There are some great unanswered questions in life – like why do fridges have egg holders when eggs aren’t refrigerated when you buy them?
Why do Pringles have a re-sealable plastic lid if you’re going to eat them all anyway?
And why does Superman wear his briefs on the outside of his tights?
Another one of those questions is why does a child so consistently do the complete opposite of what you ask them to?
Last week after we had returned home from a trip to the park, I thought I would take the opportunity while my son was in the shower cleaning off the layer of mud he had acquired to make a quick but fairly urgent phone call.
‘Be a good boy’ I told him ‘Mummy’s just got to make an important call’.

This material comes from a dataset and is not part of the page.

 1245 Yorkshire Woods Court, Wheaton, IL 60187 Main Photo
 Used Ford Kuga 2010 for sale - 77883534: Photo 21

Off I went to the next room to make my call, only to return a few moments later to discover he had turned our bathroom into a splash pool.
There was water dripping off every surface; the towels were soaking and the loo roll was a soggy lump of papier-mâché.
I was in complete and utter disbelief that such chaos could be caused in such a short space of time.
I felt my first mistake was specifically asking him to be a good boy, the second was probably hinting towards the fact that what I was doing was quite important. Like the big red button with ‘DO NOT PUSH’ written above it, he obviously couldn’t help himself.
I know sometimes he likes to play the ‘opposites’ game, but I hadn’t agreed to play it at that very moment, nor had I agreed to my bathroom being turned into a wet room. But the young just love pushing boundaries to find out what the consequences will be and in this particular case of Soggy Child VS Angry Mother, the sentence was an early bedtime and a week without TV.
Such conflict of interests aren’t exactly a rarity in my home at the moment. Generally our mornings consist of me asking him to finish his breakfast/brush his teeth/put on his shoes at least 10 times per action.
Instead of actually doing said actions, he finds countless other essential things to do at that moment, like telling me about some very important thing that so-and-so did in the playground, or his latest delaying tactic of performing headstands, handstands and roly-polys.
I’ve found myself, in the midst of despair, using some of the old classic sayings reminiscent from my own childhood – ‘If I’ve told you once, I’ve told you a thousand times!’
But children just don’t seem to understand the concept of time moving forward and telling him that we’re going to be late doesn’t help either. In fact the more of a hurry we are in, the slower he seems to go. It can be a painfully infuriating start to the day.
Still, I’m holding out hope that this is just one very long phase and that the day will come when he doesn’t even need to be asked to do all of these things – though I’m starting to wonder if he may have moved out by that point.